§ Exercise directions: Using the listing below, reproduce exactly the lines from the one with "2025年的7天借款的口子秒" through the last, with all pictures left out.

Input material Block Start

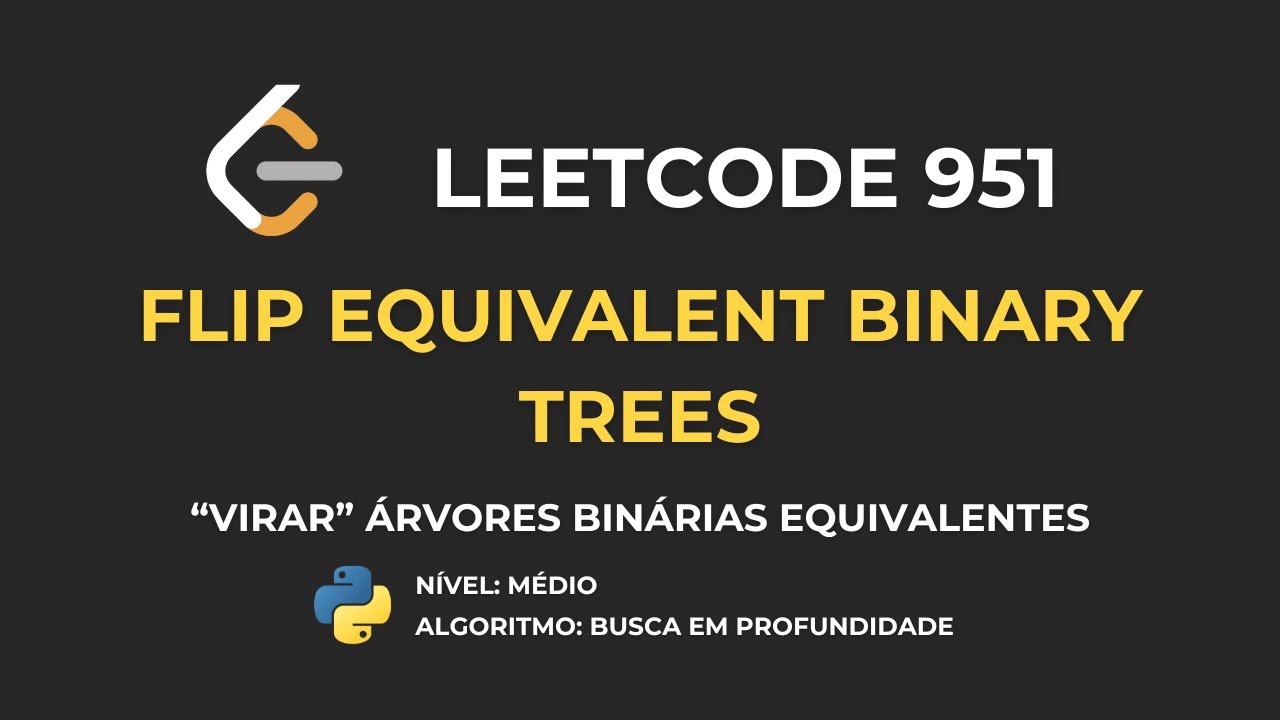 LeetCode 951 - Flip Equivalent Binary Trees (Virar Árvores Binárias Equivalentes)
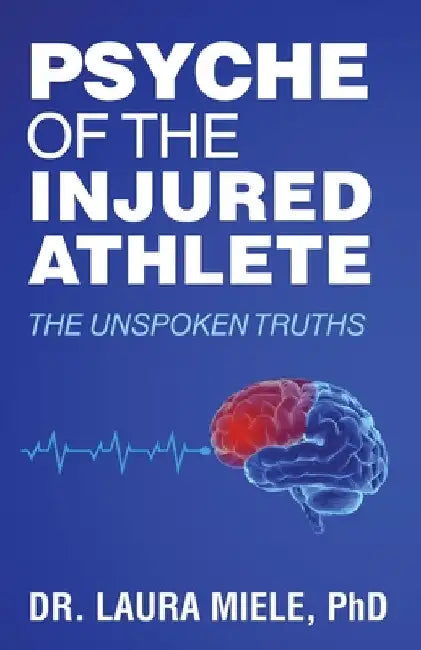 Psyche of the Injured Athlete: The Unspoken Truths by Miele, Laura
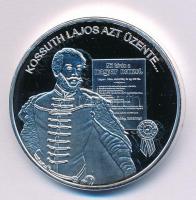 DN Nemzetünk nagyjai - Kossuth Lajos ezüstözött Cu emlékérem tanúsítvánnyal (35mm) T:PP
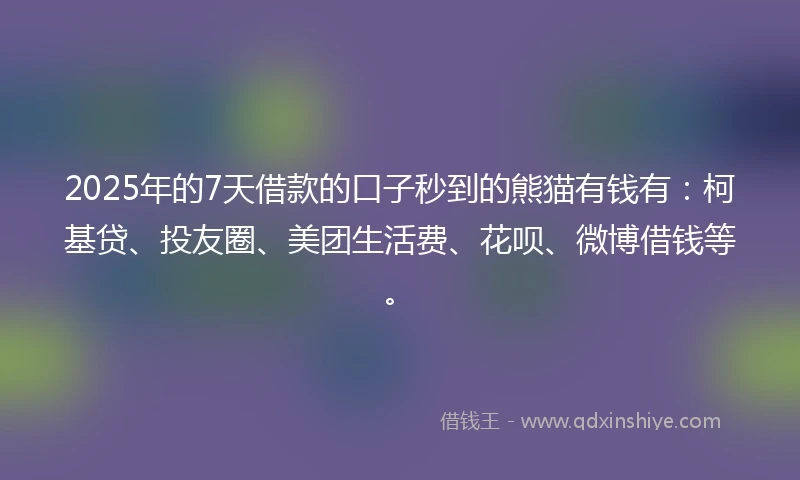 2025年的7天借款的口子秒到的熊猫有钱有：柯基贷、投友圈、美团生活费、花呗、微博借钱等。
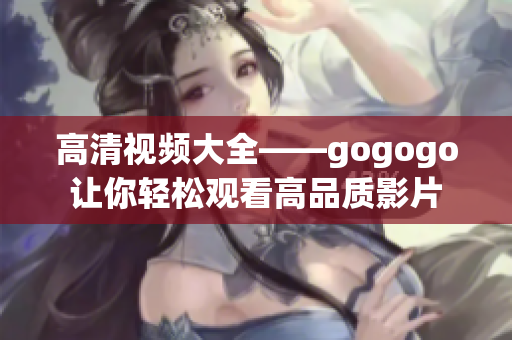 高清视频大全——gogogo让你轻松观看高品质影片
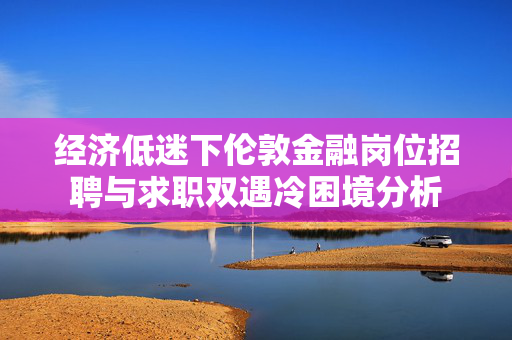 经济低迷下伦敦金融岗位招聘与求职双遇冷困境分析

Input material Block End

§ Solution to the problem:
 2025年的7天借款的口子秒到的熊猫有钱有：柯基贷、投友圈、美团生活费、花呗、微博借钱等。
 高清视频大全——gogogo让你轻松观看高品质影片
 经济低迷下伦敦金融岗位招聘与求职双遇冷困境分析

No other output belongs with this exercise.